Non non ce n’est pas si compliqué que ça. Mais je dois voir s’il y a vraiment quelque chose à faire sur le sujet. Mais vous voyez c’est très vague. Et puis, peut être que dans trois mois, on se recroisera et je vous dirai finalement, que non, j’en ai eu marre et que j’ai trouvé un autre projet.

Plus vers la comédie ?

Oui, je pense !

Vous préférez la comédie au reste ?

En fait, je trouve que l’on arrive à faire passer beaucoup plus de choses par la comédie et que les gens ne s’en rendent pas forcément compte. Je pense que les gens n’aiment plus beaucoup avoir l’impression qu’on leur donne des leçons.

Et puis, le public suivra plus si on lui propose une comédie sur un sujet difficile, qu’un drame ? Comme il a envie de rire et de se divertir, il va se tourner plus vers ce genre de films ?

Oui, c’est vrai.
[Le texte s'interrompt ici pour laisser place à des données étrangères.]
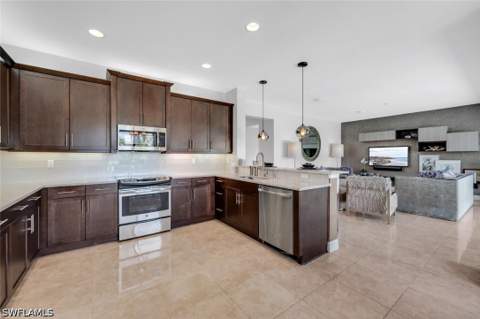 13539 Mandarin Cir, Naples FL - photo 10 of 25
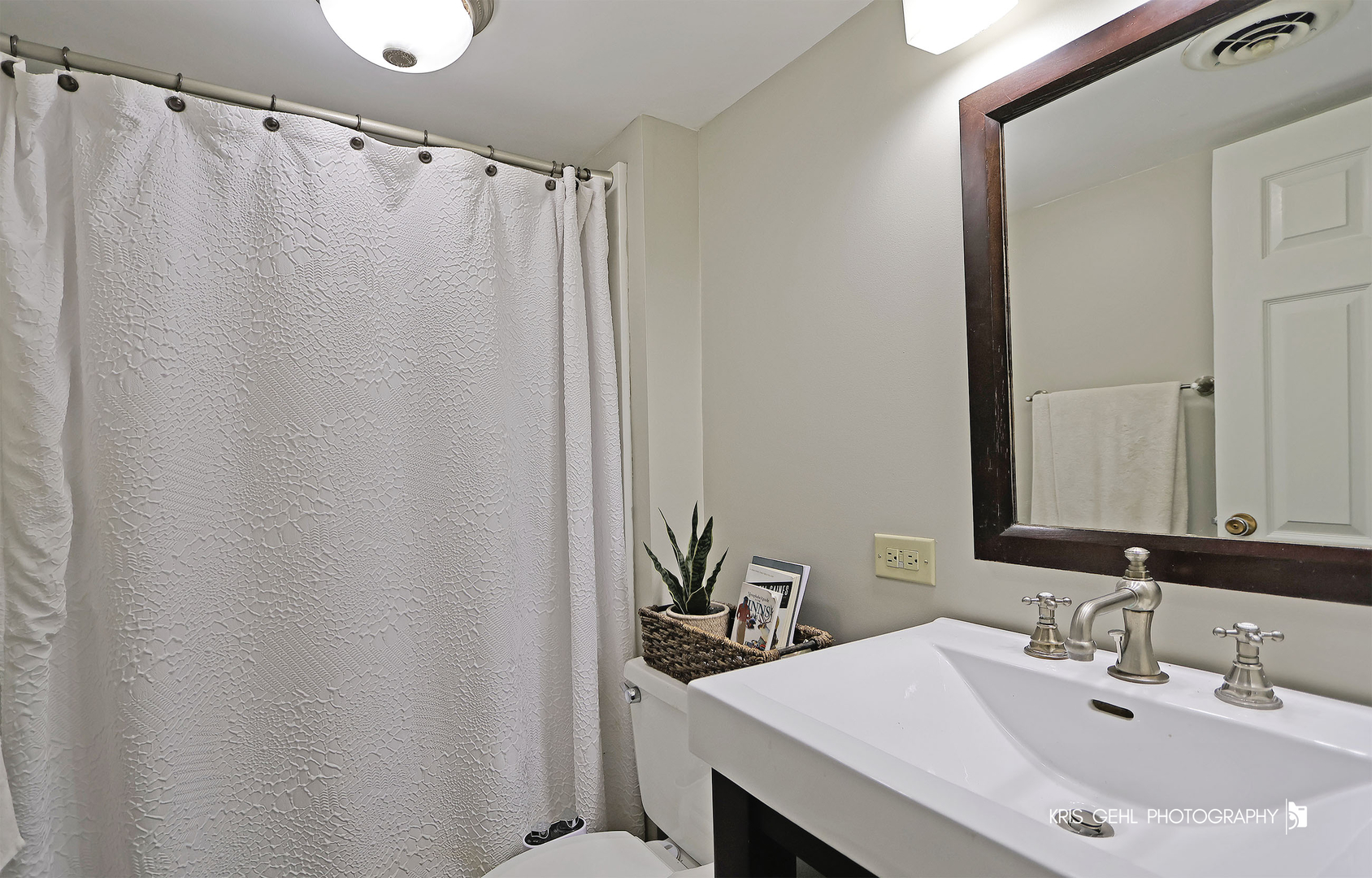 15417 W Fair Lane, Libertyville, IL 60048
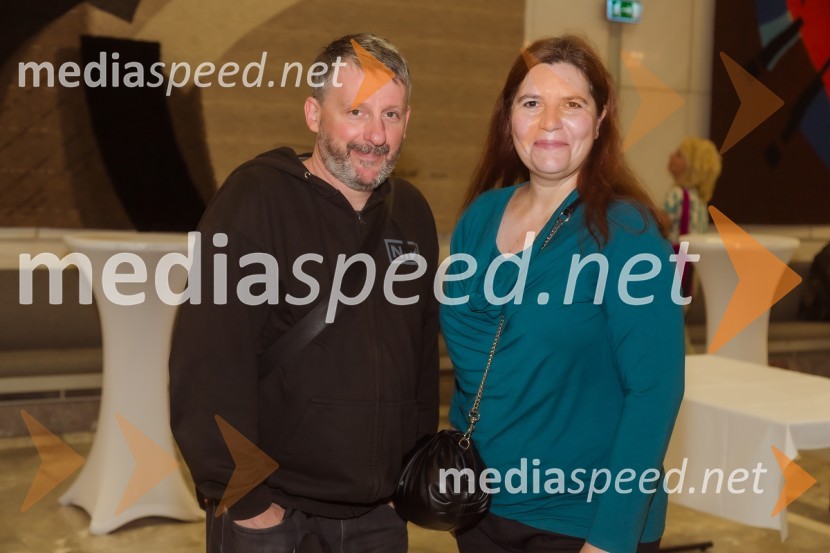  Boštjan Tušek, novinar;  Teja Pelko, novinarka, Svet24Laurie Anderson: Let X=X, koncert ameriške umetnice na odru Cankarjevega doma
Et puis c’est aussi ce qui n’a pas encore été fait dans ma famille ! Donc j’ai pris mon style à moi. (Rires) Bon, Romain, c’est une forme de comédie où tout le monde ne rit pas, mais moi ça me fait beaucoup rire.

Rigoler aux éclats ? Peut-être pas mais il y a, c’est vrai, une certaine ironie …

Pas le même genre d’ironie, mais oui, c’est cela.

Et bien, un grand merci beaucoup pour cette interview.